The data ::
++++++++

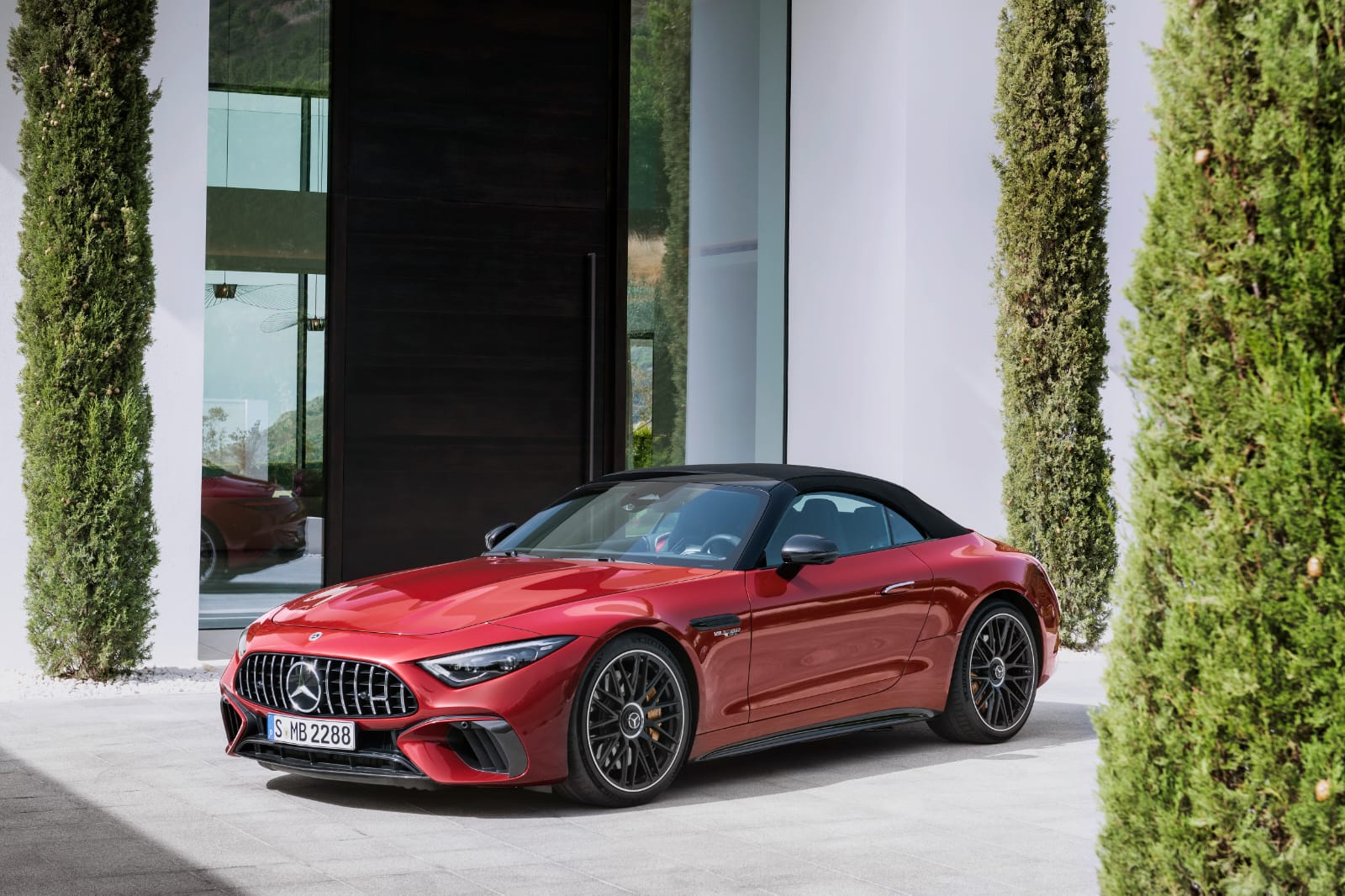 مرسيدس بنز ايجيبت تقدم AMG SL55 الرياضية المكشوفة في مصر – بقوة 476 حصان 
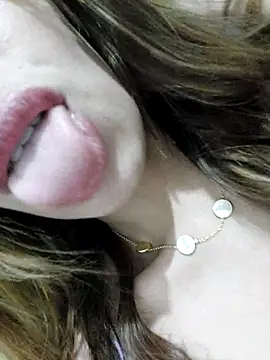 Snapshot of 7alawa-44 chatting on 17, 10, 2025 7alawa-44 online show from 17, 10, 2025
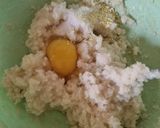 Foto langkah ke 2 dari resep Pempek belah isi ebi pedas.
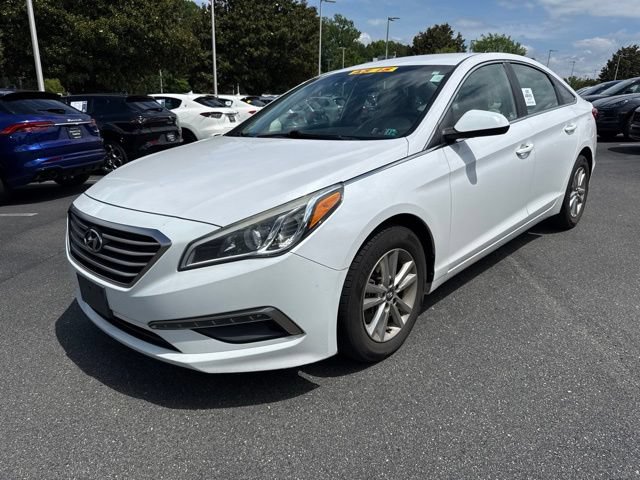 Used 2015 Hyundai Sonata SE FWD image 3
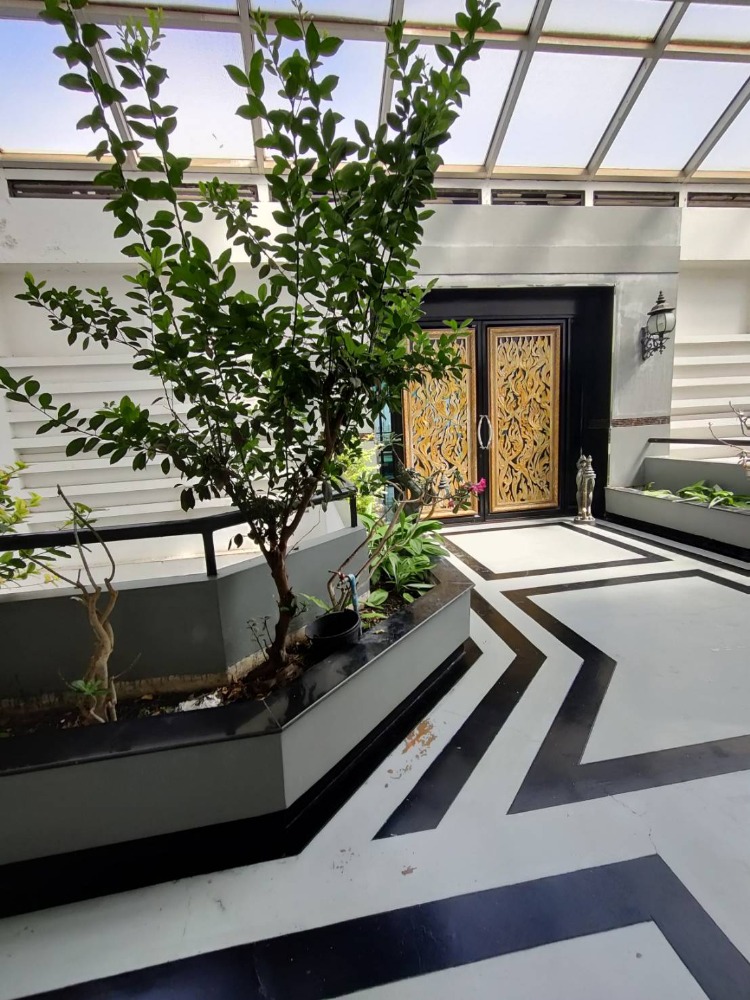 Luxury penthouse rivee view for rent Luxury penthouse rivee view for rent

++++++++

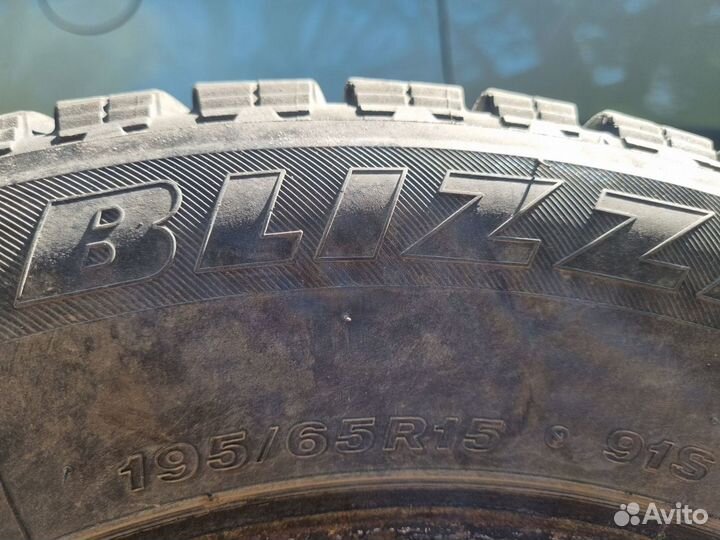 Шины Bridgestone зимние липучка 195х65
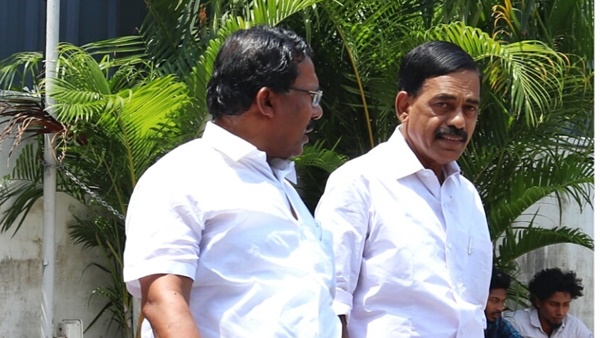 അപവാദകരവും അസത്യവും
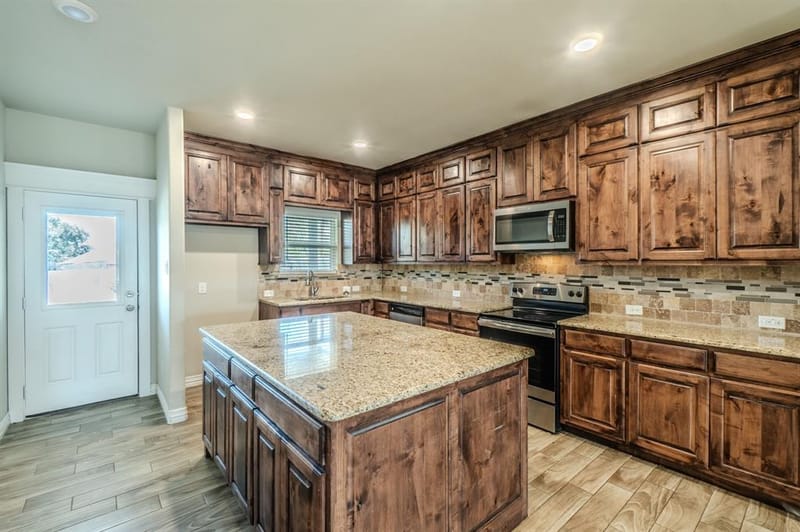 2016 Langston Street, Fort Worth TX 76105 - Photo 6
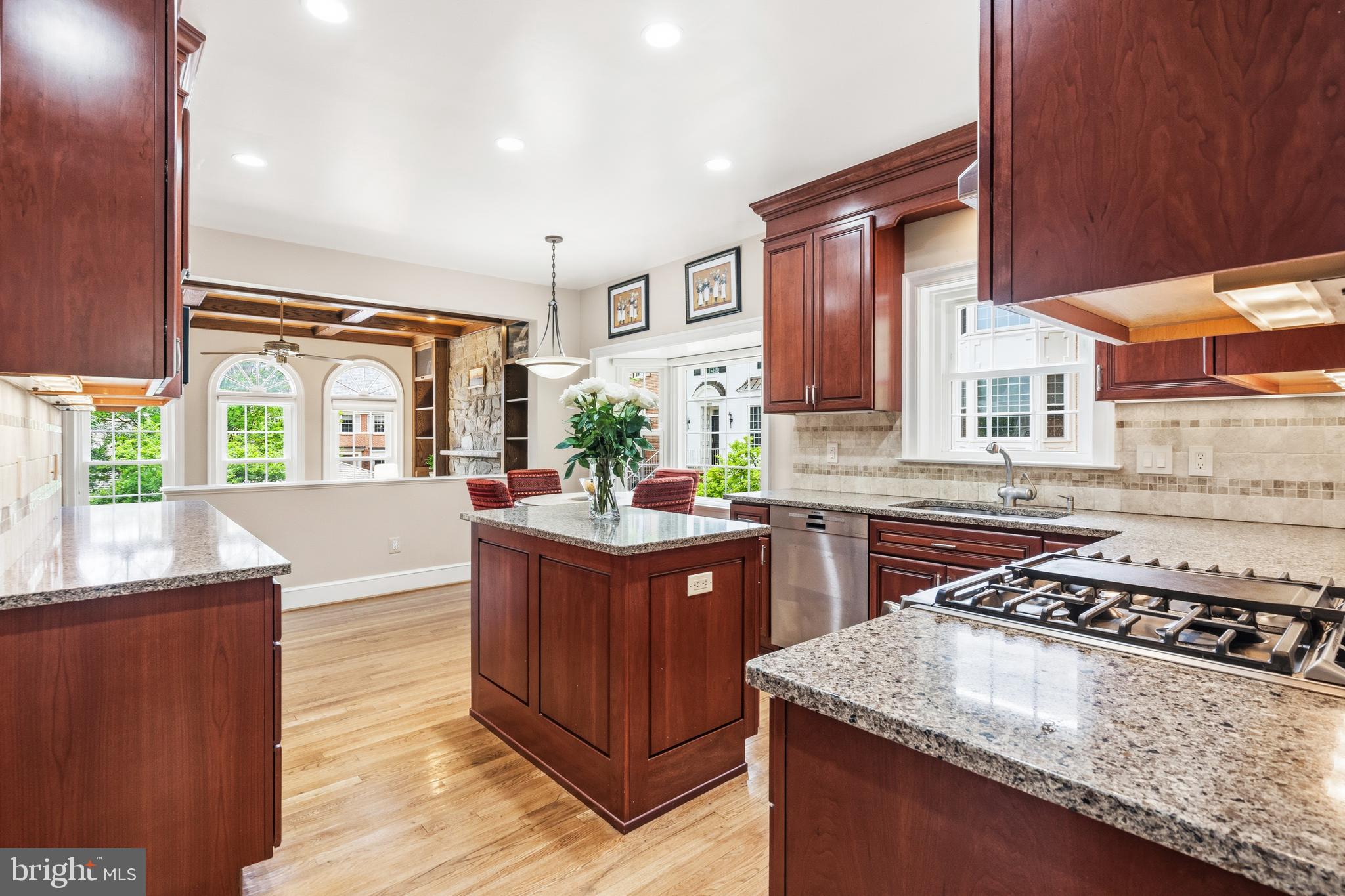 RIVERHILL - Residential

++++++++

Work to complete ::
Copy out exactly the lines above beginning with the line that contains "Snapshot of 7alawa-44" and finishing with the line that contains "Luxury penthouse rivee view for rent Luxury", including both; leave the pictures out.

Task output ::
 Snapshot of 7alawa-44 chatting on 17, 10, 2025 7alawa-44 online show from 17, 10, 2025
 Foto langkah ke 2 dari resep Pempek belah isi ebi pedas.
 Used 2015 Hyundai Sonata SE FWD image 3
 Luxury penthouse rivee view for rent Luxury penthouse rivee view for rent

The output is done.